You raise a lot of valid downsides, but like some of those in your previous post, those are to do with individual environments. There's no law of flight instruction that requires you to need to "sell" the next lesson. There's no law of flight instruction that says any students have to quit, randomly or otherwise.
Your teaching environment meant you had to spend time doing customer service, pumping fuel, and answering the phone. If your teaching environment means you don't get to see students progress - that's 100% your FTU's fault. It's not
inevitable in the endeavour of teaching people to fly. It sounds like you taught in a shitty environment. I'm sorry about that - but don't generalize from it. Treat it instead as impetus to change your environment to get rid of the things you don't like.
Flight instruction isn't about flying. It's about teaching. It's a job for teachers who can fly. Not for pilots.
Well I can agree on that, the main problem being that the venn diagram for those two pools of talent is small. I would argue its for both. I mean you don't have to be a novelist to be an English teacher, but it makes a difference if you are also knowledgeable in and have a love of the subject matter. I mean we've all probably remember a day when the Gym teacher subbed in. I don't recall it being terribly productive.
Let's share a little secret, shall we? Flying a 172 isn't difficult. When taught right people can do it tolerably well with 50 hours of training, and can charge the public for it at 200 hours.
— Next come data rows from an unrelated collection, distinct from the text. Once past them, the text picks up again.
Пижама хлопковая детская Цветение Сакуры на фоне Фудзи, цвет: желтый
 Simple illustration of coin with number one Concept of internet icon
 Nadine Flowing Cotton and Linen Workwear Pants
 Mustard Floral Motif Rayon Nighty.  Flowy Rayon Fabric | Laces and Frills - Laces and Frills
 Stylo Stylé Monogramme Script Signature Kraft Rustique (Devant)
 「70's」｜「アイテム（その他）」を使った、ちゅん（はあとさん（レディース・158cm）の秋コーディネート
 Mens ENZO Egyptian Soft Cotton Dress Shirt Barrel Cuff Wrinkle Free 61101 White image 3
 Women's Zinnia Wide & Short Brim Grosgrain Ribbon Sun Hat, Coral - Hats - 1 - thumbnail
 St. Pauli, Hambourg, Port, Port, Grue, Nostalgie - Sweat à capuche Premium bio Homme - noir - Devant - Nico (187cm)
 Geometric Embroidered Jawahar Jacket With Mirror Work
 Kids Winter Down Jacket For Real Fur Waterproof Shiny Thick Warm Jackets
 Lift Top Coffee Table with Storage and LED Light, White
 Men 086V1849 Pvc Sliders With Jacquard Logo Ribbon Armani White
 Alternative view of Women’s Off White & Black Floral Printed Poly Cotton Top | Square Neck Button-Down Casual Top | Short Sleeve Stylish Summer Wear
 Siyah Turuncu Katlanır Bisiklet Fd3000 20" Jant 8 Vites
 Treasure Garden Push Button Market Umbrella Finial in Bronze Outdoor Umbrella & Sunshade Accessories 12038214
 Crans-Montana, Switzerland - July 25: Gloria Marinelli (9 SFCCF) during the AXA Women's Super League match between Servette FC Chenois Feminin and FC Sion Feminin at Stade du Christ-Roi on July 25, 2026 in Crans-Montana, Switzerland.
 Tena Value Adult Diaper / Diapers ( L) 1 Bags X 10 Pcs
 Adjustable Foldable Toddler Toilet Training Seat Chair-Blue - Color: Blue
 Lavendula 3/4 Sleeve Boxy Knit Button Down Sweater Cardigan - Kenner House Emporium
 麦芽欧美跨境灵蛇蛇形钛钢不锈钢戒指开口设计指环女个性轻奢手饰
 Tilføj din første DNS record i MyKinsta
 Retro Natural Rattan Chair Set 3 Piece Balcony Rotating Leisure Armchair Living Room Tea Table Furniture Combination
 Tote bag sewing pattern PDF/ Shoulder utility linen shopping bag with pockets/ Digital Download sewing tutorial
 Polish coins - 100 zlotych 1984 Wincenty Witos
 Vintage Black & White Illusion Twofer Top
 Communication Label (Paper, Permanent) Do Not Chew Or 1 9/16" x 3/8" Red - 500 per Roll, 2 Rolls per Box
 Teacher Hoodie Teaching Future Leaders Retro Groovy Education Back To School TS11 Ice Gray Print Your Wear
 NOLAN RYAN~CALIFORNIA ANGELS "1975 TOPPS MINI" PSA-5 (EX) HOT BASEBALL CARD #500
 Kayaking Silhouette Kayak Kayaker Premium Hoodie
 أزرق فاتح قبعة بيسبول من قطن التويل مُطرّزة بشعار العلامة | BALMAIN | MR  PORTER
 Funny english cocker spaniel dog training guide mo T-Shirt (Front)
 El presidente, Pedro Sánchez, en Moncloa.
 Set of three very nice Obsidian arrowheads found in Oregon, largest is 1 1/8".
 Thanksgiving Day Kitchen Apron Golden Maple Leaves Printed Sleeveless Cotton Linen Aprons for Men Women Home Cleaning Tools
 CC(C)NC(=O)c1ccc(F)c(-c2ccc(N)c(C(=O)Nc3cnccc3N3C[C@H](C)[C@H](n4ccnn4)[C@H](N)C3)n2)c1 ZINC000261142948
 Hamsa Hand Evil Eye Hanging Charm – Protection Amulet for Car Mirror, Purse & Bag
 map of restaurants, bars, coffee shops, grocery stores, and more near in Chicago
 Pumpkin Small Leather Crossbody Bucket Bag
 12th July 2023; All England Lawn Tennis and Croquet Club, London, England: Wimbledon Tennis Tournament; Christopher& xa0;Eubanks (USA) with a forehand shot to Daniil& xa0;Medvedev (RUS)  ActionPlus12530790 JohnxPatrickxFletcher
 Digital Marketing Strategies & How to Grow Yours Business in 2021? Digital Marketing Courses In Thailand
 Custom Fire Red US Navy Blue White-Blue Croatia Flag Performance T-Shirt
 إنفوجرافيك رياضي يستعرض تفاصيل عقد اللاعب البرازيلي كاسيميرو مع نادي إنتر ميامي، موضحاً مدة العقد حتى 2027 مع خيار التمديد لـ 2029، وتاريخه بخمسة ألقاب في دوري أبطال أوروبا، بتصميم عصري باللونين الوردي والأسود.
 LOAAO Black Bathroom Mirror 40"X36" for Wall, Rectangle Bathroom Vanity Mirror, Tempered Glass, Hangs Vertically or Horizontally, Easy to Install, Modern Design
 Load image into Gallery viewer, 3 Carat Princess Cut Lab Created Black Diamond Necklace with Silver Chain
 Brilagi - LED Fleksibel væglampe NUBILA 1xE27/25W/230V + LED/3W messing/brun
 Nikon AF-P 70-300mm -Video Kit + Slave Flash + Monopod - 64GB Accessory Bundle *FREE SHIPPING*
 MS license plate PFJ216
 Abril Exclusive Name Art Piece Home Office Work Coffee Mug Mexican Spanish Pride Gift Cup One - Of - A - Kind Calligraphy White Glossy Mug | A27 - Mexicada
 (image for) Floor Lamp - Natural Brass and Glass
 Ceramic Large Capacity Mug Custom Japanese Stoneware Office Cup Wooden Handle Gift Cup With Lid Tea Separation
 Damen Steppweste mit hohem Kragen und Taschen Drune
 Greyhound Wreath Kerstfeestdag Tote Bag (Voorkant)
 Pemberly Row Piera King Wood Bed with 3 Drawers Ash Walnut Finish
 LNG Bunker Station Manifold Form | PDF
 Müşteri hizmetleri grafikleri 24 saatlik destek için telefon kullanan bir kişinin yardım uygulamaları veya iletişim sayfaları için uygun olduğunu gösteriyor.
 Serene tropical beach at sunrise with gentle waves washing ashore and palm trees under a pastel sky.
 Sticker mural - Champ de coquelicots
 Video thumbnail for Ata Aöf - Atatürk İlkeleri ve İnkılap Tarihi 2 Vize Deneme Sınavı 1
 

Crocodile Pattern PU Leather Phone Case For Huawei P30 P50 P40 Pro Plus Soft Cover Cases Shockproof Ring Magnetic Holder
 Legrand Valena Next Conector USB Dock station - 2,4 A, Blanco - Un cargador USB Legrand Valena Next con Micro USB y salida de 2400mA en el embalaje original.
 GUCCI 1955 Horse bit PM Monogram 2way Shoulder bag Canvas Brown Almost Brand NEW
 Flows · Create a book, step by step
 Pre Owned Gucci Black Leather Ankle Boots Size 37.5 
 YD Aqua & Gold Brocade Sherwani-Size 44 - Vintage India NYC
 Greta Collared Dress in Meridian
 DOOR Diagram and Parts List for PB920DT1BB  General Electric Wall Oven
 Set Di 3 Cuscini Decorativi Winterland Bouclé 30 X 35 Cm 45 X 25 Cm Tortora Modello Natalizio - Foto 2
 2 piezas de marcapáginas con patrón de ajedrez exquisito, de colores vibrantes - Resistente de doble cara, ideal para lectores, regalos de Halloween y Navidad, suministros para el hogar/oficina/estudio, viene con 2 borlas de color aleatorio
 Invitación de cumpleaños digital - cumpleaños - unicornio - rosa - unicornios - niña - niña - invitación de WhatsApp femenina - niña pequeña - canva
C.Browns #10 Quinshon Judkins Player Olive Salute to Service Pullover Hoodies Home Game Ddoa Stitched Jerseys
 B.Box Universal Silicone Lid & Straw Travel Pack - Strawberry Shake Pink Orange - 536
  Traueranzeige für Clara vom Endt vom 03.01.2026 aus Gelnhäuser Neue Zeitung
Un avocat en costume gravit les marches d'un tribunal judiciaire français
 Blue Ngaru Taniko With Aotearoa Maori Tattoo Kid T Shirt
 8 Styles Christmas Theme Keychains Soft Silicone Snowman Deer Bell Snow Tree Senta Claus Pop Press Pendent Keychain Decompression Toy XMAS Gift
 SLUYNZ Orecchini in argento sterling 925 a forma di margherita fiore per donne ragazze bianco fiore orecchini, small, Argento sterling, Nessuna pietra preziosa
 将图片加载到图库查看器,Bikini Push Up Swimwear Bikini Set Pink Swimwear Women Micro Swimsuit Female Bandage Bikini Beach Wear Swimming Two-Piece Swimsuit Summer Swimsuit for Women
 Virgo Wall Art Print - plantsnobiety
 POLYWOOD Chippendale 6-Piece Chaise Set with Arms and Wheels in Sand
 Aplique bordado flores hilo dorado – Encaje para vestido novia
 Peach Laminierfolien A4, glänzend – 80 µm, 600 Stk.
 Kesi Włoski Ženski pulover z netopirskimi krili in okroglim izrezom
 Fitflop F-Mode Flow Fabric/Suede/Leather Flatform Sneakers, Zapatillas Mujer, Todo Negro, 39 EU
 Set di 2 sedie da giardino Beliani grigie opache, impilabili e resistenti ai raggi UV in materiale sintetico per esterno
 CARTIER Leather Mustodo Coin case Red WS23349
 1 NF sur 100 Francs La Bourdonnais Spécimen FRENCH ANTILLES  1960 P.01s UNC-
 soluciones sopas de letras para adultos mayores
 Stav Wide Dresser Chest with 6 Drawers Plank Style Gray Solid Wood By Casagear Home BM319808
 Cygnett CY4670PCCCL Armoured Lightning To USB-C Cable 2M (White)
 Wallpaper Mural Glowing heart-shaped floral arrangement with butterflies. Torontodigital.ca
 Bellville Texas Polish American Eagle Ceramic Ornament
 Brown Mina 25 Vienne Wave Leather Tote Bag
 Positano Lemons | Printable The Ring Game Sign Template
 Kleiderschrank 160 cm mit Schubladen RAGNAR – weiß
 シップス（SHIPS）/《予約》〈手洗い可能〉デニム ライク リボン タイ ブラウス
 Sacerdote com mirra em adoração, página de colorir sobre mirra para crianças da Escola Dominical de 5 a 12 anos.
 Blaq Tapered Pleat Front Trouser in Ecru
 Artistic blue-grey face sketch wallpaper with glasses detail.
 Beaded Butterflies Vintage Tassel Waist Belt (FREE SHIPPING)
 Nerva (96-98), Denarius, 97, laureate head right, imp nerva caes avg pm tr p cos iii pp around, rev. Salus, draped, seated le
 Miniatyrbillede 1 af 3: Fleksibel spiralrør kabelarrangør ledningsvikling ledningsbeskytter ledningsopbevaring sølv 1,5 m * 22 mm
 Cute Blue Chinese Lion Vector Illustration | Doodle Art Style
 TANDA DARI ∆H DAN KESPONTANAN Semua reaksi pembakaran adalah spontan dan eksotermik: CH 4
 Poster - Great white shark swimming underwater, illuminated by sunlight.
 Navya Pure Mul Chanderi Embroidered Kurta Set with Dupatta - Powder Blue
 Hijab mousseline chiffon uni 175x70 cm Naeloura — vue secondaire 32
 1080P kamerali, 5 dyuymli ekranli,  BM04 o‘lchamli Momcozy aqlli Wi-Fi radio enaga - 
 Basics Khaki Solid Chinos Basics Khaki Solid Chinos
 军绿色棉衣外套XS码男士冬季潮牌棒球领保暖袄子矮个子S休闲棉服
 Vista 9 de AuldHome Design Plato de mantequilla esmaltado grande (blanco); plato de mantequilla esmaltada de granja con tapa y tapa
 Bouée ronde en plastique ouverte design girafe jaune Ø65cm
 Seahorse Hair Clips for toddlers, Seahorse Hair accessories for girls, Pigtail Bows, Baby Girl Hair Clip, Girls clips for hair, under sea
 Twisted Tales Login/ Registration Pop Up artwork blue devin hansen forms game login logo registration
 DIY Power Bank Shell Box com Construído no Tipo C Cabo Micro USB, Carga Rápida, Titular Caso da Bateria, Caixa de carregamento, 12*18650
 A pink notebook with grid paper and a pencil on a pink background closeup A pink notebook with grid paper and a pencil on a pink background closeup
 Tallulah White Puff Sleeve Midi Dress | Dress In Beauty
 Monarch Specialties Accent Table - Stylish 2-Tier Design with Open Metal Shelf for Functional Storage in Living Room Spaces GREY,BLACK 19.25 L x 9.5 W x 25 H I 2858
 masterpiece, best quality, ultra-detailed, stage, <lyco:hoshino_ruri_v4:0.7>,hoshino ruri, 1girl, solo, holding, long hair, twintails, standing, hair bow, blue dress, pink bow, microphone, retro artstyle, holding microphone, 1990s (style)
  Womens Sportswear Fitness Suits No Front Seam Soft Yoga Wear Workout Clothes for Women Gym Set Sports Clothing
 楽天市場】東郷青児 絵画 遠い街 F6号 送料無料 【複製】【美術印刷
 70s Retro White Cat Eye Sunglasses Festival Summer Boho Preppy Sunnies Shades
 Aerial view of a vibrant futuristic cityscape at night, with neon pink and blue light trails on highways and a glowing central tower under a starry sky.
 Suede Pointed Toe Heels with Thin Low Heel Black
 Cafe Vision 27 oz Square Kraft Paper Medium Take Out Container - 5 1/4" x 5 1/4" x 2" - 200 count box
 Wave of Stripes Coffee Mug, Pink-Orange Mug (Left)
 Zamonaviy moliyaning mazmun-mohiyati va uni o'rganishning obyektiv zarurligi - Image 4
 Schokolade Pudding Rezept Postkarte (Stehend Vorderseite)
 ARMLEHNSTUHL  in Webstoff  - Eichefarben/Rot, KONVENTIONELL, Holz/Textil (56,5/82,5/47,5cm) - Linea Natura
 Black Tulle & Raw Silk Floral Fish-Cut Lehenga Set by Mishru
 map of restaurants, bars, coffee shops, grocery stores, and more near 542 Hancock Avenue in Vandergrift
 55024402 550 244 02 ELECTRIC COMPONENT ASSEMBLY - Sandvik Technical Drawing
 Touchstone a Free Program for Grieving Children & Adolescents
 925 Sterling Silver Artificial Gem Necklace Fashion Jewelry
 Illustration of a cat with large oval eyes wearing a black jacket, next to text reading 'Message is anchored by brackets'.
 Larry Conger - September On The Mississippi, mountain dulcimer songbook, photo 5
The pool of talent of people who could fly a 172, if they wanted to, is nearly unlimited. It's a lot easier than driving, and waaaay easier than riding a motorcycle well. That's why teaching it is like grade 1, rather than college level English Lit. Everyone knows - or could know - the subject matter for teaching basic flying.
Some people would find it difficult to review the three times table for the seventh time in a week. No criticism is due to them - but they shouldn't teach grade 1. Some people would find it challenging to fly the circuit for the seventh time in a week, and I respect that, but they shouldn't be teaching ab-initio flying. In both cases it's an indication you're in it for the subject matter, not the teaching, and therefore in the wrong job.
Here's something Richard Feynman said about teaching. I submit it applies to flying circuits in a 172, just as much as it does to teaching elementary quantum theory:
If you're teaching a class, you can think about the elementary things that you know very well. These things are kind of fun and delightful. It doesn't do any harm to think them over again. Is there a better way to present them? The elementary things are easy to think about; if you can't think of a new thought, no harm done; what you thought about it before is good enough for the class. If you do think of something new, you're rather pleased that you have a new way of looking at it.
The questions of the students are often the source of new research. They often ask profound questions that I've thought about at times and then given up on, so to speak, for a while. It wouldn't do me any harm to think about them again and see if I can go any further now. The students may not be able to see the thing I want to answer, or the subtleties I want to think about, but they remind me of a problem by asking questions in the neighborhood of that problem. It's not so easy to remind yourself of these things.
DId you hear the one about the jurisprudence fetishist? He got off on a technicality.